Bisogna che piano piano rincomincino a farci lavorare. Per fasce d’età, con varie modalità, chiamata volontaria… vediamo. L’importante è ricominciare, in modo attento. Se stiamo fermi ancora, il rischio è di non ripartire più. Va cambiato il modo di gestire le cose e questo momento va vissuto anche come l’opportunità di riscrivere l’Italia che funziona. Se la burocrazia resta la stessa e tutti sono inchiodati all’idea : «Non è problema mio, ma degli altri» non va bene.

Intanto, tuttavia, siete rimasti fermi e la liquidità è il tema centrale, ribadisce?
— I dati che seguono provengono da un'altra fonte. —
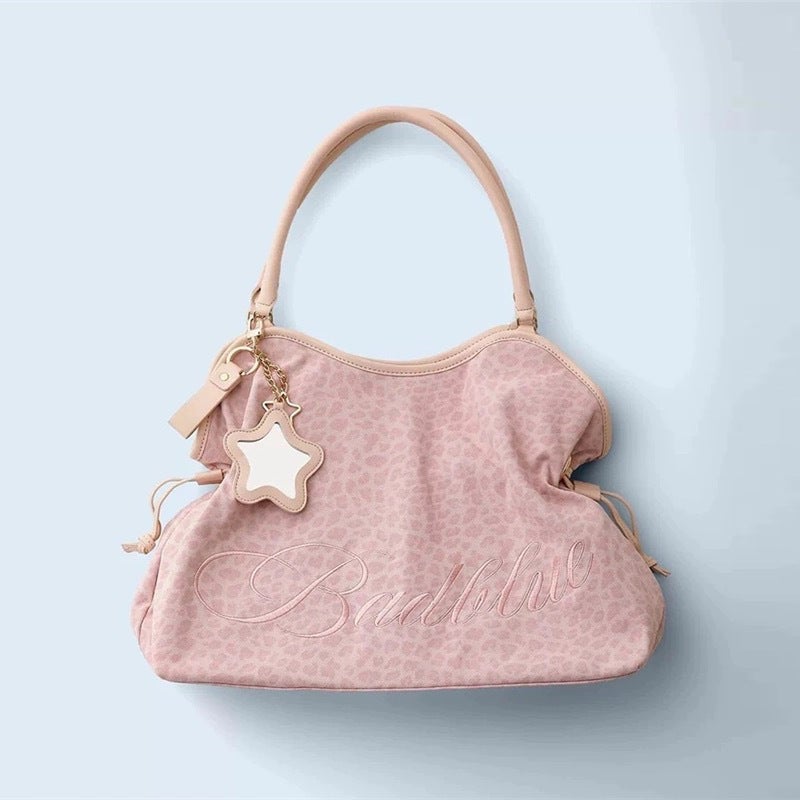 Korean Style Star Mirror Embroidery Leopard & Polka Dot Large Capacity Shoulder Tote Bag - Image 3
Sì, abbiamo bisogno di finanza, risorse a lungo termine. La politica ci aiuti, ora. E poi sull’Europa… dev’essere Europa. Quanto sognavo gli Stati Uniti d’Europa. Ora se ha il coraggio di essere tale, deve chiamare tutti gli Stati. Muoversi come gli Usa.

Presidente, lei riceve molte telefonate dai suoi colleghi: emerge più la frustrazione, o la rabbia?
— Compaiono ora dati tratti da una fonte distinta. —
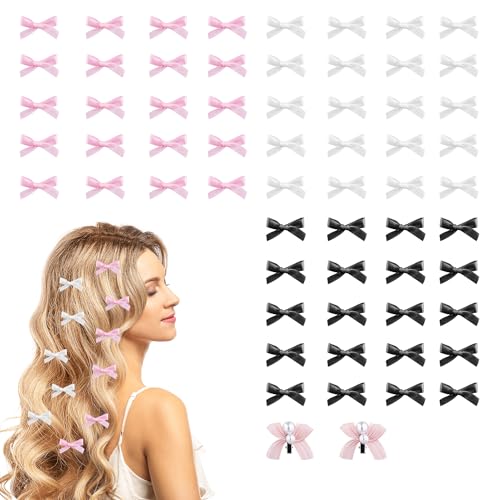 XIHIRCD 62St Schleife Haarspangen, Mini Schleifen Clips Satin Schleifen Hair Clips Mini Schleifen für Haare Niedlich Haarschleifen Clips Krokodilklemme Haar Accessoires für Frauen Mädchen von XIHIRCD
Io ascolto la disperazione dalle 7.30 alle 23, ogni giorno. Sento il grande industriale che mi dice: io non ce la faccio. E gli rispondo: non ti devi vergognare, siamo messi tutti come te. Ascolto gente perbene, che si sta distruggendo con l’essere attendisti. Ogni lunedì pomeriggio teniamo il consiglio di presidenza e ognuno parla con i territori per capire ciò che occorre. Chiediamo una cosa semplice: i soldi, alle condizioni che ho detto, e poi pensiamo noi al resto.